Tiba-tiba nama Ketua Komite Pemberantasan Korupsi (KPK) Firli Bahuri menjadi titik kehebohan atau perhatian publik. Sayangnya bukan soal keberhasilan dalam mengungkap kasus korupsi, tetapi soal etika.
Etika Firli dipertanyakan sesudah diketahui naik helikopter mewah saat melakukan kunjungan ke Baturaja, Ogan Komering Ulu (OKU) Sumatera Selatan.
Kabarnya ini bukan kunjungan kerja karena Firli menggunakan cuti sehari untuk berkunjung ke kampung halaman. Namun, penggunaan heli mewah inilah yang menjadi titik persoalan.

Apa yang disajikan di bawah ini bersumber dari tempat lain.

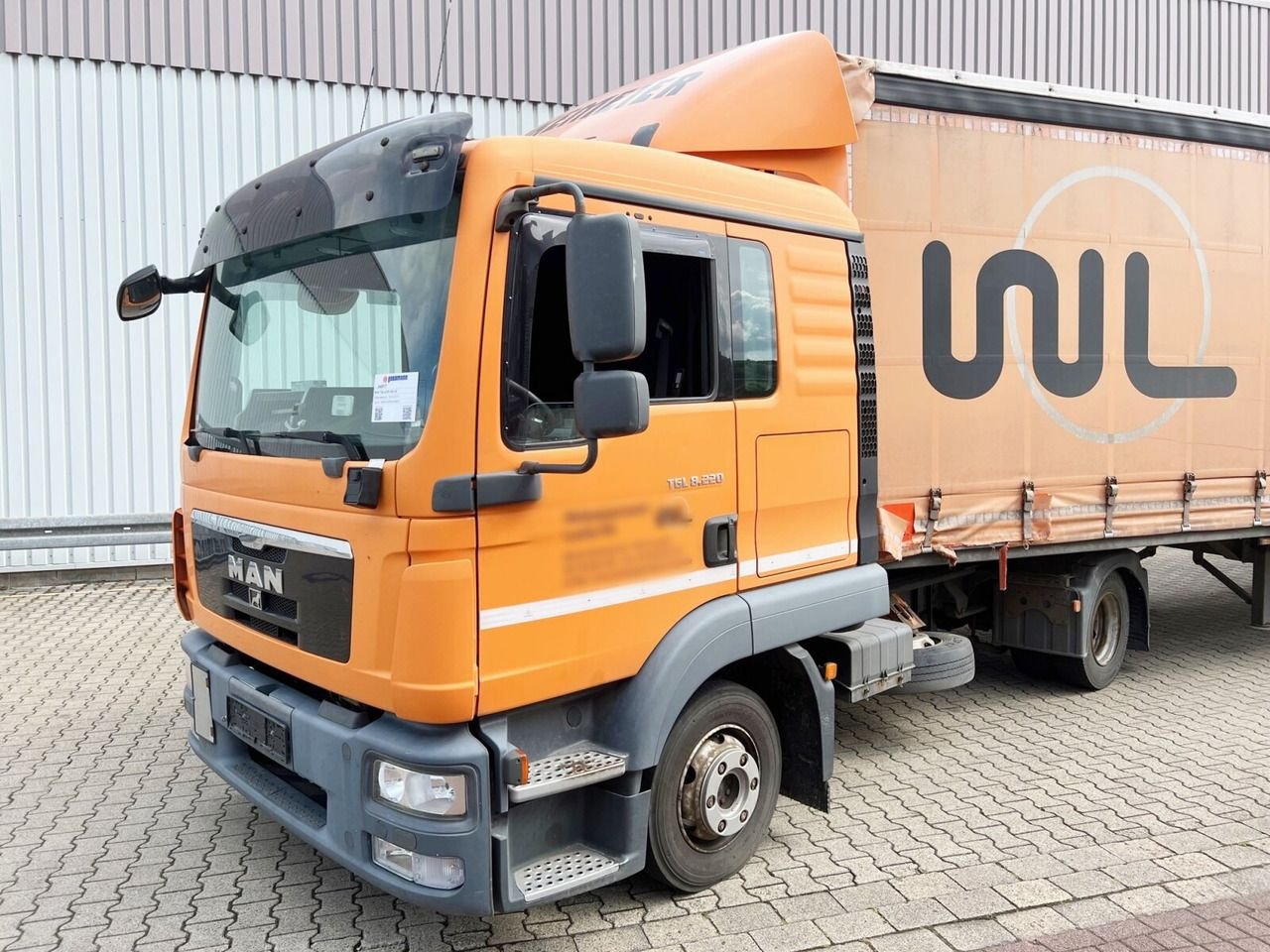 Truck MAN TGL 8.220 4x2 BB CH
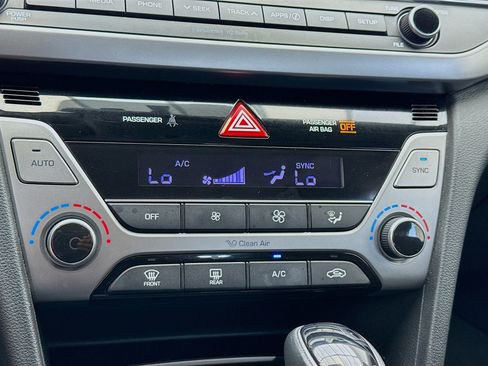 Used 2018 Hyundai Elantra Value Edition FWD image 12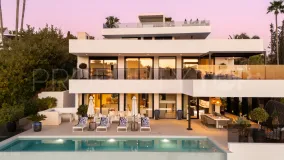 For sale 4 bedrooms villa in Nueva Andalucia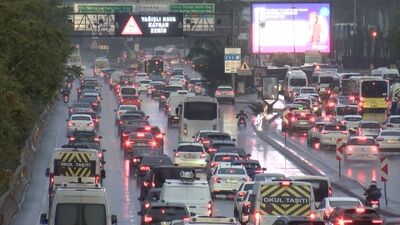 İstanbul'da sağanak trafiği kitledi! Yoğunluk yüzde 80'e ulaştı!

Dewan Pengawas (Dewas) KPK telah bereaksi dan memanggil Firli Bahuri untuk diklarifikasi soal ini, apalagi tindakan Firli ini juga sudah menjadi laporan dari Masyarakat Anti Korupsi Indonesia (MAKI) kepada KPK.
Tahap yang sedang dilakukan berdasarkan keterangan dari anggota Dewas KPK Syamsuddin Haris adalah pengumpulan bukti dan meminta keterangan saksi.
"Dewas masih akan terus kumpulkan bukti dan meminta keterangan saksi-saksi dan pihak-pihak yang tahu, mendengar, melihat, dan/atau memiliki info terkait isu tersebut," kata anggota Dewas KPK Syamsuddin Haris kepada wartawan, Minggu (28/6/2020).
Pertanyaan sederhananya adalah mengapa tindakan Firli ini menjadi pusat perhatian? Apakah Ketua KPK tidak boleh menyewa Heli mewah?
Dari berbagai pemberitaan, polemik Firli ini tidak dapat dianggap remeh karena berkaitan dengan Kode Etik. Di dalam Peraturan Komisi Nomor 07 Tahun 2013 tentang Nilai-Nilai Dasar Pribadi, Kode Etik, dan Pedoman Perilaku KPK soal ini diatur dengan jelas di dalam konteks pimpinan KPK tidak boleh menampilkan gaya hidup mewah.
Bahkan secara spesifik dikatakan dalam aturan tersebut bahwa pimpinana KPK bahkan dilarang untuk bermain golf karena termasukolahraga mahal.
Setelah Undang-Undang KPK direvisi pada 2019, organ Dewan Pengawas bahkan menerbitkan aturan baru mengenai kode etik untuk segenap pegawai KPK, termasuk juga pimpinan dalam Peraturan Dewan Pengawas KPK Nomor 01 Tahun 2020 tentang Kode Etik dan Pedoman Perilaku KPK dengan penegasan sama, yakni melarang pimpinan bergaya hidup mewah.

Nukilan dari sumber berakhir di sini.